Description
Nomad uses go-plugin to spin up various plugins and auxiliary processes, and saw surprising (to us) behavior when host process dies in hashicorp/nomad#5598 .
Nomad uses go-plugin to spin up long-running plugins with lifecycle independent from host, to ease in-place upgrades and reconfiguration, and use the reattachment patterns ReattachConfig
supported by this.
However, we observe the following problems after host process is restarted:
-
The plugin gets a SIGPIPE signal upon the next log/Stdout/Stderr write operation. When the host (e.g. go-plugin client) process dies, Stdout/Stderr pipe closes and any write from plugin fails with
io.ErrClosedPipe
error, and the plugin receive SIGPIPE, typically killing it.- note that if plugin explicitly ignores
SIGPIPE
, hclog may panics on log write failure in https://github.com/hashicorp/go-hclog/blob/6907afbebd2eef854f0be9194eb79b0ba75d7b29/intlogger.go#L370-L373
- note that if plugin explicitly ignores
-
On successful reattachment by a restarted host process, stdout/stderr syncing is lost, and any plugin log lines to Stdout/Stderr are lost.
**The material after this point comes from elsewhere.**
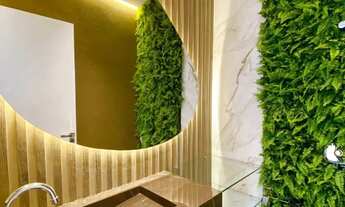 Imagem 4: YT CASA PARA VENDA NO TERRAS ALPHAVILLE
Nomad works around this by having a dedicated log file for the plugin and not writing to the plugin Stderr in hashicorp/nomad#5598 .
Ideally, go-plugin
can makes handling host process restarting and re-attaching better. One possibility might be using fifo files such that plugin can always write to it with some buffer, but this may require clever use of non-blocking flags (to ensure plugin can proceed when fifo buffer is full).